Goal of the exercise: When you reach the line that contains "Komondor cartoon illustratie" in the data below, start reproducing lines exactly, and stop after the line that contains "Scarpe Lola con".

Supplied material:

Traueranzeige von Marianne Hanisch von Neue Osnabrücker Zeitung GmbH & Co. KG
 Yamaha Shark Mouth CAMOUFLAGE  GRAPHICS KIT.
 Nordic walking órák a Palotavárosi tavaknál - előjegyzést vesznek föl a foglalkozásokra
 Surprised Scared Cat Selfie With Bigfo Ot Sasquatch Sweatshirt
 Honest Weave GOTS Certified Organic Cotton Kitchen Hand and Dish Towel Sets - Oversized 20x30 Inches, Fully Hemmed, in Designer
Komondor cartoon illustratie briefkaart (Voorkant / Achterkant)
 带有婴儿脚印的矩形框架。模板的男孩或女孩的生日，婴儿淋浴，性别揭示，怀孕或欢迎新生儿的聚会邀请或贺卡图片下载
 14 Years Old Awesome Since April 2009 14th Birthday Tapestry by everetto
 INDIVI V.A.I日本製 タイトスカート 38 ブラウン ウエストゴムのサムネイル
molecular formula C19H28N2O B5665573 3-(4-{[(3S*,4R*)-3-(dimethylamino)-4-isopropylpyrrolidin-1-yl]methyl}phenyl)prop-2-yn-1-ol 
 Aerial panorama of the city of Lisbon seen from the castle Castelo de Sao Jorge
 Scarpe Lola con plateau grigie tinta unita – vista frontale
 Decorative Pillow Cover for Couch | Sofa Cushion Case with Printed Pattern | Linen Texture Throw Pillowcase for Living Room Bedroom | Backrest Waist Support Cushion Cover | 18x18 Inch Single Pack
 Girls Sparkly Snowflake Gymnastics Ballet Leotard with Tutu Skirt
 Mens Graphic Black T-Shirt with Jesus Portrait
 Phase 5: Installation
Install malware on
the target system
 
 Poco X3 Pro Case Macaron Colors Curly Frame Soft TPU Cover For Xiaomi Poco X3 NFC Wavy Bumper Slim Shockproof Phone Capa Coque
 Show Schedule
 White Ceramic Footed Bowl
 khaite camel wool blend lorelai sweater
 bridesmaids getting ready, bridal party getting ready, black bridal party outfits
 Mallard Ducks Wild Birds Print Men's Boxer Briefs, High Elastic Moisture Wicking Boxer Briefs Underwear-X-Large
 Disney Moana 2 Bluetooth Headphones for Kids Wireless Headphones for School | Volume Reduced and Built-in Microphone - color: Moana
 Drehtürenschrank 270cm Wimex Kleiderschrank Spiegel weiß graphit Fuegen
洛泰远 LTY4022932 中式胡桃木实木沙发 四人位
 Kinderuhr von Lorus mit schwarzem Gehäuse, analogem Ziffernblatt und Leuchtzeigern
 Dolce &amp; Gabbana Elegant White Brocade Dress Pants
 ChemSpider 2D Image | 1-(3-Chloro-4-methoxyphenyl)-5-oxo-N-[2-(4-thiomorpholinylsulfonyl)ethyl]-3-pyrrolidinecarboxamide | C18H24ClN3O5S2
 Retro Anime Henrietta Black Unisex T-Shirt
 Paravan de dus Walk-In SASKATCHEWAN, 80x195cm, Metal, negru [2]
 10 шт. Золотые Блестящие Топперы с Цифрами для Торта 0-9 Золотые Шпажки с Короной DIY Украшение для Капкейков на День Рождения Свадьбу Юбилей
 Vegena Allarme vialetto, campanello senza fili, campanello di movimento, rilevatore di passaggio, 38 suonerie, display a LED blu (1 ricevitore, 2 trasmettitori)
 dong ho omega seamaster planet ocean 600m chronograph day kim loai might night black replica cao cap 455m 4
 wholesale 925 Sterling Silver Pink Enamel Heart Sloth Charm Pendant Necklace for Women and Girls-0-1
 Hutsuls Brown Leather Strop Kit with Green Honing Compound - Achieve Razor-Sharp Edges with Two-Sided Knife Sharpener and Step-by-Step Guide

Output of the task:
Komondor cartoon illustratie briefkaart (Voorkant / Achterkant)
 带有婴儿脚印的矩形框架。模板的男孩或女孩的生日，婴儿淋浴，性别揭示，怀孕或欢迎新生儿的聚会邀请或贺卡图片下载
 14 Years Old Awesome Since April 2009 14th Birthday Tapestry by everetto
 INDIVI V.A.I日本製 タイトスカート 38 ブラウン ウエストゴムのサムネイル
molecular formula C19H28N2O B5665573 3-(4-{[(3S*,4R*)-3-(dimethylamino)-4-isopropylpyrrolidin-1-yl]methyl}phenyl)prop-2-yn-1-ol 
 Aerial panorama of the city of Lisbon seen from the castle Castelo de Sao Jorge
 Scarpe Lola con plateau grigie tinta unita – vista frontale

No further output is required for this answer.